Whether we choose to develop an IBD test kit for stool DNA testing will depend in large part upon whether stool DNA is included in screening guidelines. There is obviously much expense and management time required to pursue development and regulatory approval of an FDA approved IBD kit. Until we have a guidelines answer for the home group version of the test on the market today I don't think it makes sense to invest a whole lot of time and energy on the product side just yet. We will, however, continue to talk with the agency to understand what would be required for our approval. Our current thinking is once we have more clarity on guidelines we will adjust our plan accordingly around an FDA approved kit version of the technology.
Number five, is there any update on when LabCorp intends to launch the PV2 assay, the next version of the assay?
A certain date, a date certain has not been set but LabCorp has expressed great interest in the technology and continues to evaluate it against its internal protocols and requirements for launching the new diagnostic test. When I have more details on this, I intend to update you. For now details on specific launch dates and plans for commercial introduction will have to wait.

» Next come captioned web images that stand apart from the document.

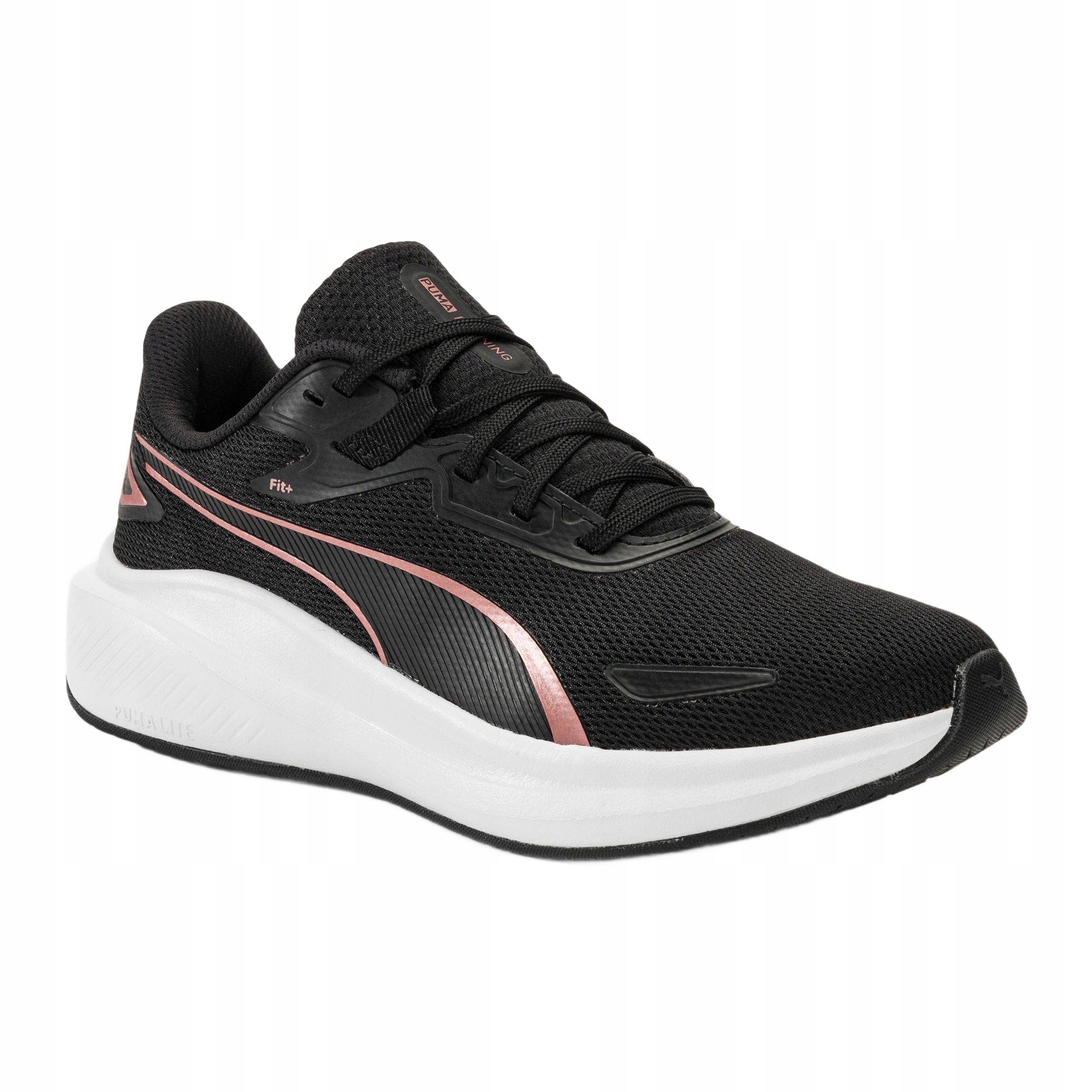 buty Skyrocket Lite Puma Black-PUMA Whit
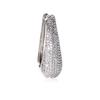 18K Gold-Plated Elegant Zircon Ear Studs - European & American Style Accessories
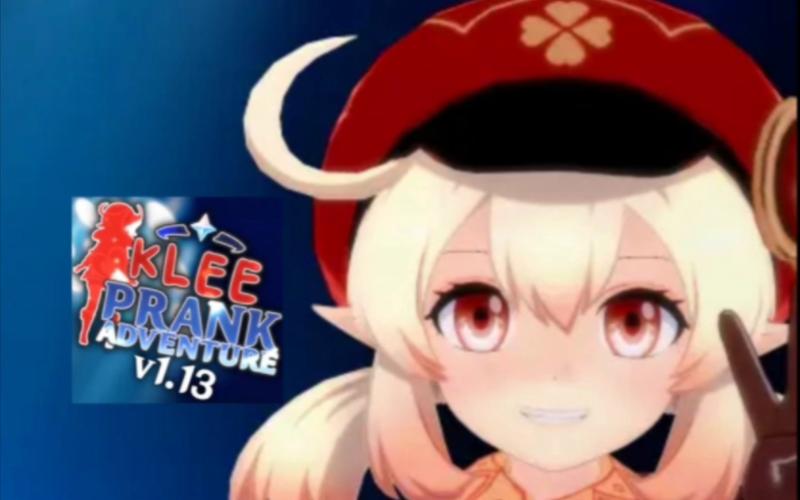 可莉的恶作剧游戏安卓版游戏截图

Sixth question, do you think the guidelines writers will delay the decision again, and can you provide more color on why you think they delayed the decision from September?
The guidelines process as we've said in the past is fairly opaque. That being said, we've had numerous discussions with people close to the process, and we believe the committee will arrive at a decision no later than late spring. I also expect based on their June correspondence to us that they will move to publish their guidelines decision as soon as possible thereafter. In terms of the reasons for the delay following the September meeting in Washington, D.C., my understanding is that the members of the American Cancer Society and multi-society task force wanted more time to address multiple screening technologies, including immunochemical fecal occult blood testing, CT colonography or virtual colonoscopy and newer devices used for endoscopic screening. Rather than issue multiple updates at various times throughout the year, they have apparently taken a broader approach in evaluating multiple technologies and seeking to issue a single guidelines update instead. While this makes logical sense, it is also obviously frustrating for us and for the many companies affected by this delay. We should also not forget that 150 people a day are dying from colon cancer in the U.S. alone and the delay in the inclusion of new technologies like ours into the guidelines only perpetuates in our view this tragic rate of mortality.

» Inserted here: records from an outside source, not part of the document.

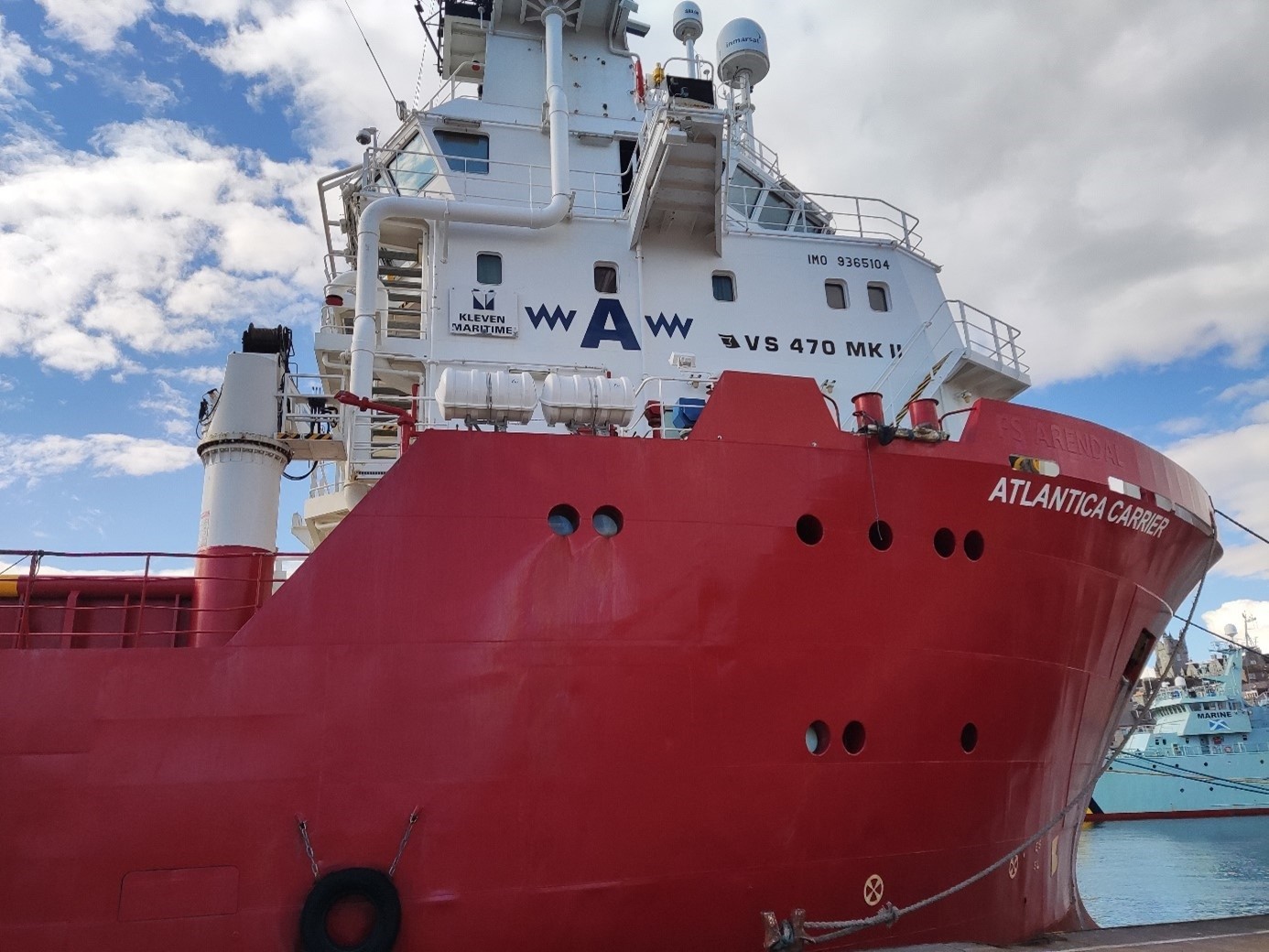 Vessel Image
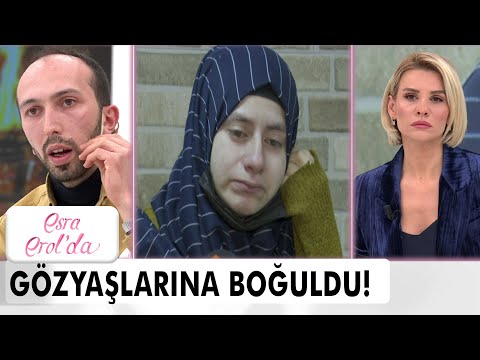 Sema'nın annesi canlı yayına bağlanıp kızını evlatlıktan reddetti! - Esra Erol'da 31 Ocak 2022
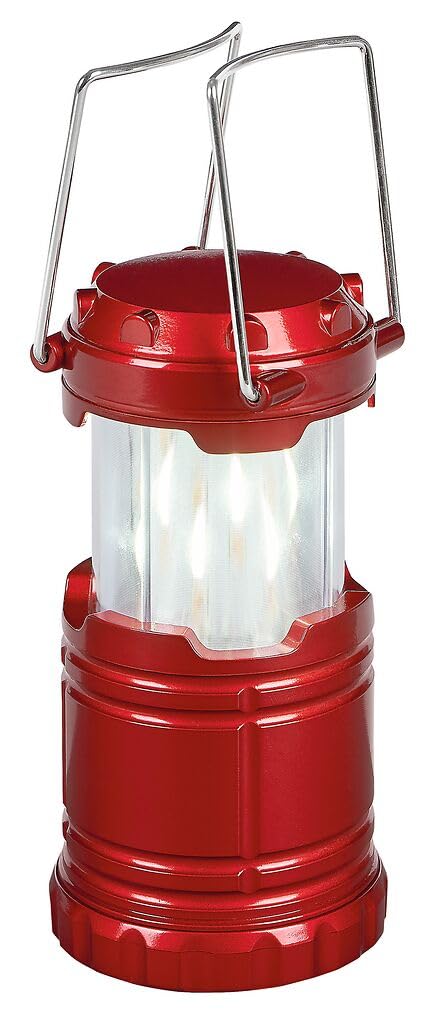 moses. Expedition Natur - Lampada da campeggio a LED, lanterna portatile per campeggio, escursioni o campeggio per bambini, con staffa in metallo per appendere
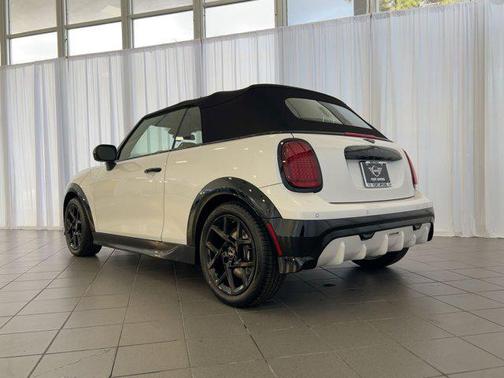 2026 MINI Convertible Cooper S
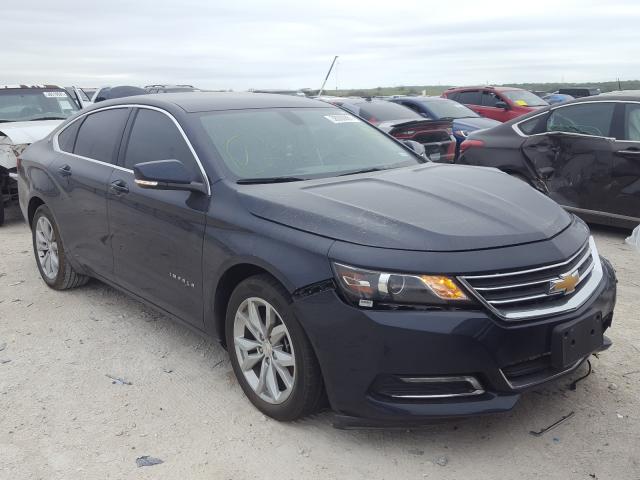 chevrolet impala lt 2019 2g11z5s35k9117640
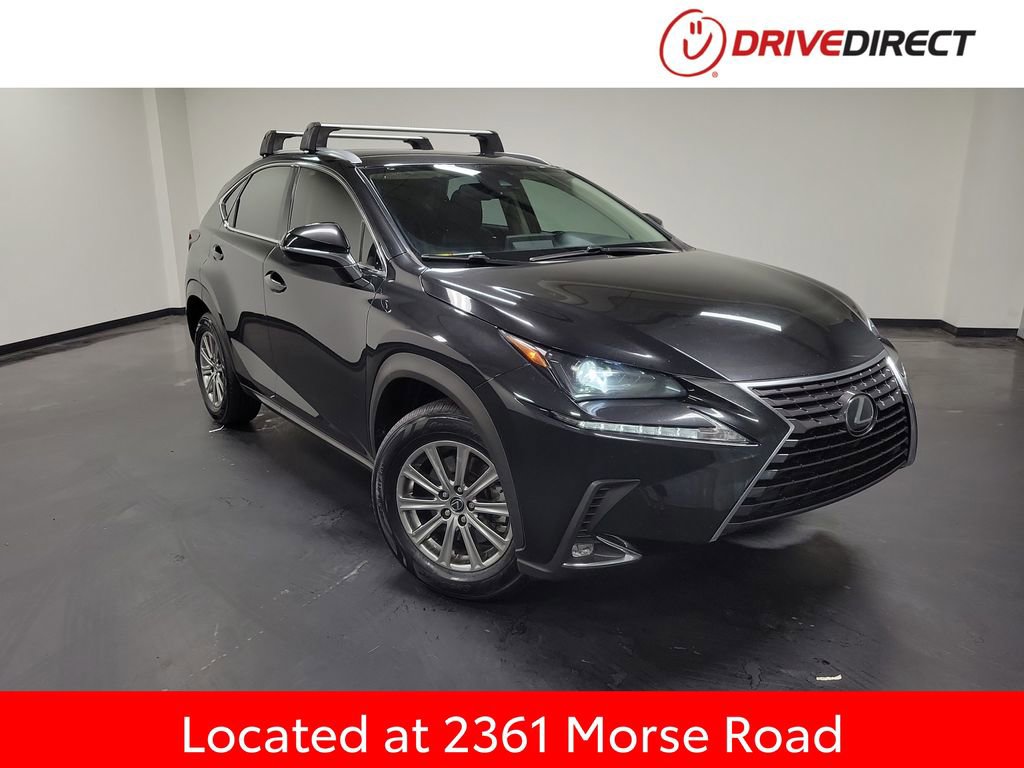 Used 2021 Lexus NX 300 FWD w/ Accessory Package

And the final question is have you considered broadening your product focus beyond what you have today? The answer is yes, we regularly look and consider other technologies that might be a complement to our business. That being said, as we've said in the past, we know that in the health care field having good IP protected technology is only one piece of the puzzle. You need to build consensus among thought leaders, have a solution for national infrastructure to deliver and sell your product, and you need to be endorsed by the relevant organization or regulatory body. For all of these reasons that is why the promise of PreGen-Plus makes so much sense to us. We will obviously continue to evaluate other technologies and business opportunities but will never lose sight of what it really takes to build a sustainable business in health care.
So with that we will open up the floor to any of your questions.
Operator
(OPERATOR INSTRUCTIONS) There are actually no questions.
Don Hardison - President, CEO
Okay. Thanks a lot for joining us. If you have any questions, please call us here and we would be glad to talk to you about it. Thanks.
Operator
Thank you for your participation in today's conference; this concludes the presentation. You may now disconnect, and have a great day.